- Relator(a)
- Ministra Maria Thereza de Assis Moura
- Órgão julgador
- Sexta Turma
- Data do julgamento
- 17/03/2015
- Data de publicação
- 24/03/2015
STJ – Acórdão, Rel. Ministra Maria Thereza de Assis Moura, Sexta Turma, j. 17/03/2015, p. 24/03/2015
PROCESSUAL PENAL. SUPERFATURAMENTO. PERÍCIA. EVENTUAL IRREGULARIDADE. MATÉRIA NÃO DECIDIDA NO ACÓRDÃO RECORRIDO. NÃO CONHECIMENTO. PROCURADOR DE MUNICÍPIO. FRAUDE A LICITAÇÃO, PECULATO E ASSOCIAÇÃO CRIMINOSA. DENÚNCIA. INÉPCIA. OCORRÊNCIA. AÇÃO PENAL. TRANCAMENTO. FALTA DE JUSTA CAUSA. AUSÊNCIA DE SUPORTE PROBATÓRIO MÍNIMO. MATÉRIA FÁTICO-PROBATÓRIA. VIA INADEQUADA PARA A VIA ELEITA. 1. Não decidida no acórdão atacado a suscitada irregularidade na perícia que teria atestado superfaturamento, não pode a matéria ser conhecida, sob pena de supressão de instância. 2. Não descritos os fatos delituosos em ordem a propiciar exercício da defesa, cingindo-se o Ministério Público a incluir o recorrente nos acontecimentos, pura e simplesmente, por ser procurador do município, é inepta a denúncia, porque violadora do art. 41 do Código de Processo Penal. 3. O habeas corpus não se apresenta como via adequada ao trancamento da ação penal quando o pleito se baseia em falta justa causa (ausência de suporte probatório mínimo à acusação), não relevada, primo oculi.
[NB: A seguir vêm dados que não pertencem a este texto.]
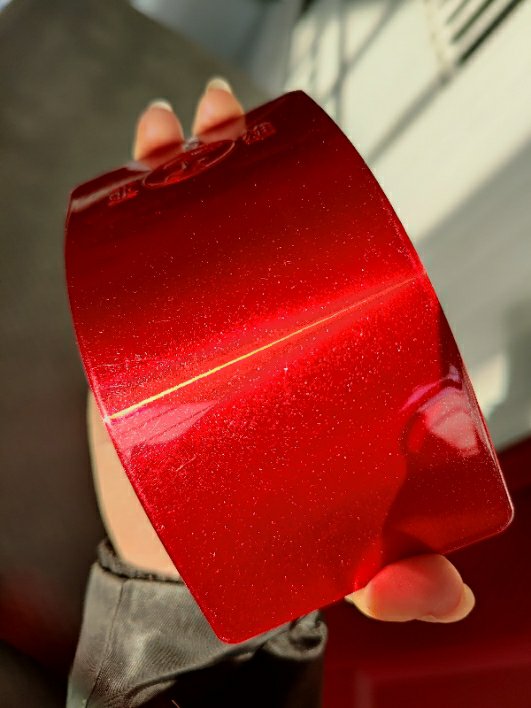 Professional Acrylic Transparent Red Electrostatic Powdercoating Manufacture Metallic Spray Powder Coating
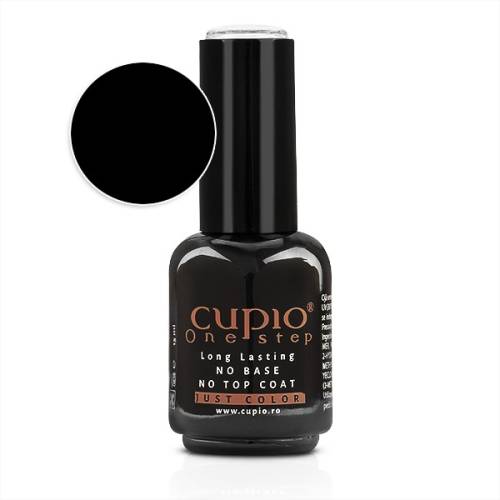 Cupio Gel Lac 3 in 1 One Step Black 15ml - R001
Intento, em tal caso, que demanda revolvimento fático-probatório, não condizente com a via restrita do writ. 4. Recurso conhecido em parte e nesta extensão parcialmente provido, apenas para reconhecer a inépcia da denúncia, sem prejuízo de que outra seja oferecida, desde que observados os ditames legais. (RHC n. 50.743/PR, relatora Ministra Maria Thereza de Assis Moura, Sexta Turma, julgado em 17/3/2015, DJe de 24/3/2015.)